We pack quickly and drive to the Cape to see Mom. She sits in the corner of the darkened room, her hair sticking up in tufts around her head. She looks surprisingly like a baby bird: soft, wrinkled, eyes wet and wondering. She is glad to see us this time. There aren’t the usual complaints and demands to go home.

We get her up out of the chair to go outside. She walks twenty steps and has to sit down on her walker. “I need to rest. This walking is for the birds,” she says.

We walk twenty more steps and rest. Twenty-five. Rest.

I punch in the code on the door leading to the covered sun porch and it beeps and clicks. I push it open. It takes Mom so long to get through the door, the alarm goes off. I have to punch in the code again to get it to stop.

We play cards and the four-year-old squirms and runs around, catching imaginary bunnies and shooting imaginary monsters. “Do you have any Jacks?” I ask.

“Go Fish,” Mom says.

We never knew Go Fish could be so cutthroat and we play several rounds, laughing and teasing each other. We don’t talk about what will happen soon, we only focus on now.

“Go Fish.”

It gets dark. We walk Mom back to her room and settle her into her chair. “We’ll see you tomorrow.”

Mom tells us she wants us to take her Buick. She realizes now that she can’t drive it anymore. We say thank you and tell her we’ll bring her the paperwork tomorrow. Kisses. Flutters of bird wings. We step out into the light.

We get the Buick and I drive it the 250 miles or so home. It smells like burning oil and when I hit a bump, the car sways and rocks on its shocks like the baby buggy going down the Odessa Steps in Battleship Potemkin. I listen to Mom’s CDs of Neil Diamond and Nat King Cole and bounce my way home.

As I go to take a sip of coffee, I feel something small and hard inside my mouth. I reach in and pull it out. The dental work a hack dentist did a few weeks ago has fallen out. Again. This is the third time it’s happened.

GLITCH.

I put the piece of dental work into the cup holder. My tongue keeps finding its way to the broken spot. I try to distract myself by singing along to Neil’s rendition of Song Sung Blue. It works, for a little while.

We pull into the garage in New York where we trust the guys running the place and leave the car overnight. We’re hoping that we can get away with a couple hundred dollars in repairs and have another car. We also want to make Mom feel good that we are using her car and giving it some “exercise” as she says.

We make it home and after packing away the things we brought to the Cape and putting the little man in bed, I flop on the sofa and fire up my old Windows PC that I keep attached to the big screen TV as a way to watch Netflix and do some blogging. There is a bump and a whirr, but the computer doesn’t boot itself up.

GLITCH.

I spend the next hour or so trying to get it to boot, but it’s gone. The hard drive has crashed while we were gone. I’m not too concerned because I recently did a back-up of most of that hard drive’s contents, but eventually I’ll try to find something and it will be gone forever. I fall asleep on the couch dreaming of shiny metallic hard drive platters flying through a dusky purple sky.

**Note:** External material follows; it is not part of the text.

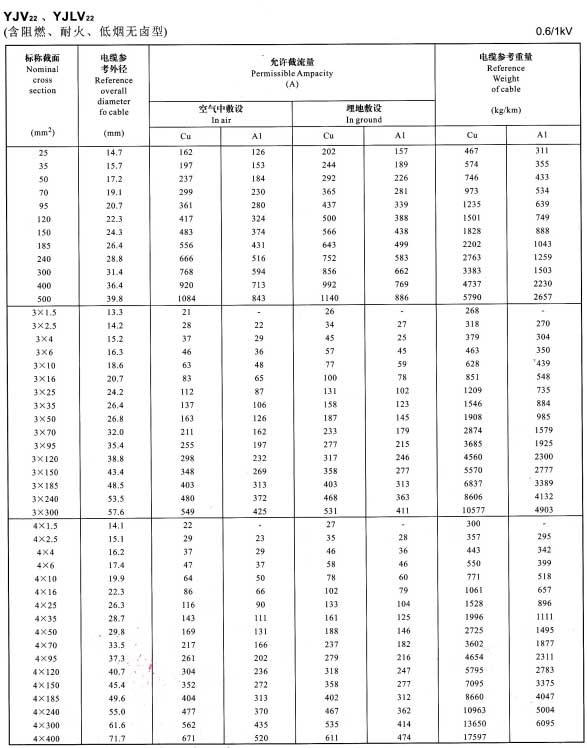 0.6/1KV單芯、3芯、4芯YJV22、YJLV22電纜<a href='http://m.mrpj.cn/dxdlzs/99.html' target='_blank'><u>載流量</u></a>表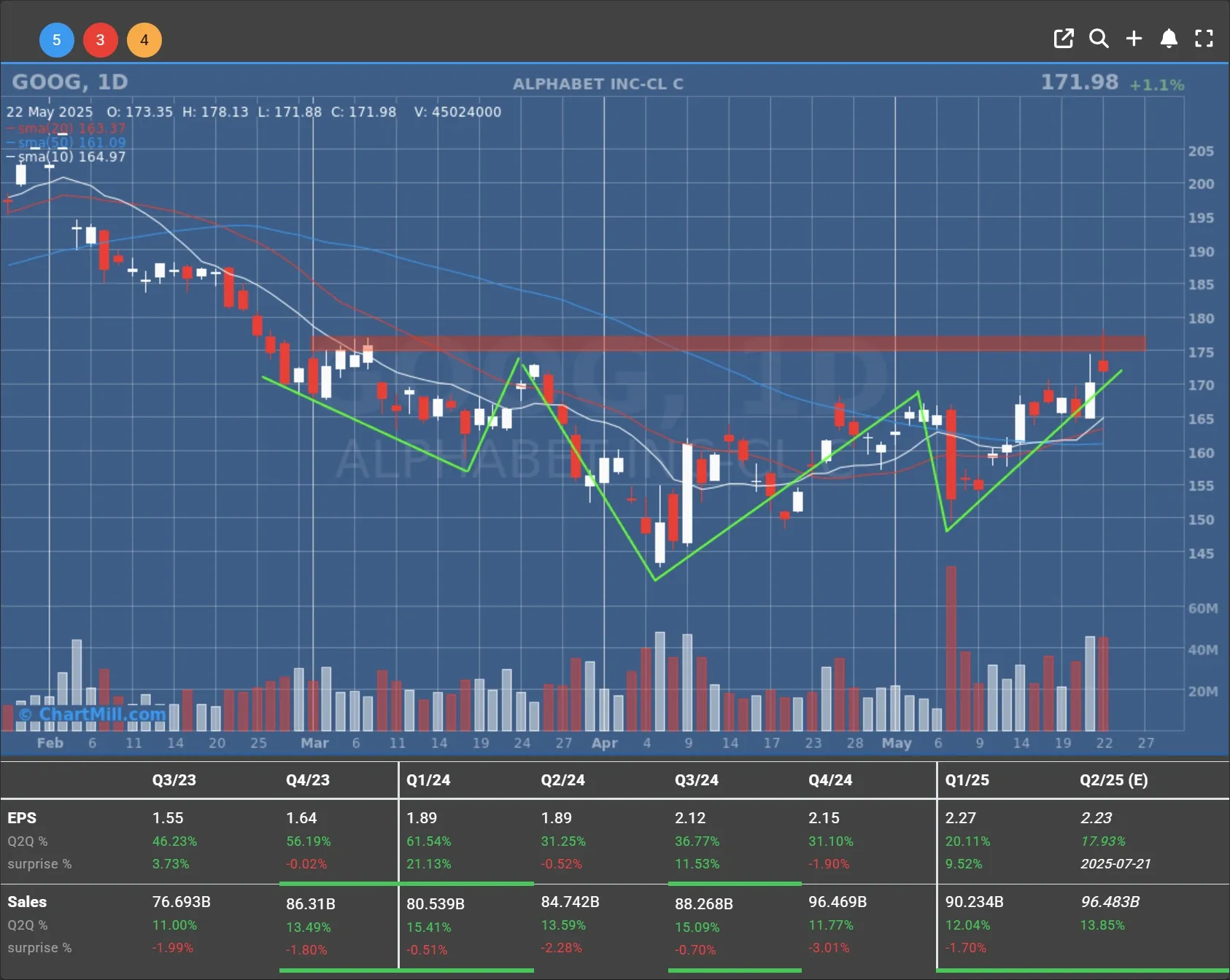 Alphabet daily chart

In the morning, I switch to the laptop. I’m ambi-computer-ous so I pull out the Mac laptop and fire it up. I’m looking forward to getting some writing done. I have beats to finish for a Steampunk YA novel I’m working on and chapters to write for the MG adventure in progress. When I put my finger on the trackpad, the cursor suddenly starts whipping from side to side on my screen. Apps start opening of their own accord and I can’t control the cursor.

GLITCH.

I do some research and find out that I am experiencing something known as phantom cursor. I try many things to resolve the issue and it takes HOURS.

GLITCH.

A text message pops up on my phone.

“The car will cost $2100 to pass inspection.”

GLITCH.

I look up the Kelley Blue Book. It’s only worth $1500 in GOOD condition. This car is not in good condition. The garage tells us the axle is broken, the shocks are leaking, oil is burning.

GLITCH. GLITCH. GLITCH.

I text back. “I give up.”

My wife calls. She’s crying. She’s overwhelmed. Her mom is dying. The car her mom gave us isn’t salvageable. The computers are breaking down. We have another broken down car we need to get rid of. I’m going away to work. She has projects she has to finish. A film we both worked on is premiering soon.

GLITCH.

We dub this the week of breaking down. It’s something that is inevitable, breaking down, but it doesn’t have to break us.

We drive to the garage to get the car and bring it to the junkyard.

“Umm, it’s sitting in the garage all taken apart. We were waiting for you to let us know what to do.”

GLITCH.

My wife cries again. I explain to the worried man behind the counter, “It’s her mom’s car. Her mom is dying.”

He nods and we leave.

It’s overcast and cold in New York. Rain hits my face like tiny needles. My wife goes to work. I go to find a dentist to fix my tooth. He’ll be in tomorrow at 2:30 but they don’t take my insurance.

GLITCH.

I have to get the tooth fixed. I have to go say Shakespeare’s words and need my teeth unbroken to do that properly.

There is a Dunkin’ Donuts next to the dentist’s office. I go and sit with my Dunkin’ coffee and pumpkin doughnut and breathe. The news blares from a TV behind the counter.

Ebola is in the United States.

GLITCH.

An armed ex-convict was on an elevator with the President.

GLITCH.

The phone rings. It’s my wife.

“Hello?”

“Where are you?”

“Dunkin’ Donuts. Trying to catch a moment to breathe.”

“I talked to the garage. They didn’t realize our situation. They’ll buy the other junk car from us for $350 and make enough small repairs to make Mom’s car safe enough to pass inspection. We can make the other repairs later. Total cost will be $300 or so.”

“Really?”

“Yes. What do you think?”

A break in the glitch-iness.

“Yes, let’s do it.”

In A Farewell to Arms Ernest Hemingway wrote, “The world breaks everyone and afterward many are strong in the broken places. But those that will not break it kills. It kills the very good and the very gentle and the very brave impartially. If you are none of these you can be sure it will kill you too but there will be no special hurry.”

I guess I’m in no special hurry. I feel stronger in my broken places. One glitch has been resolved for now and I turned the rest into a story.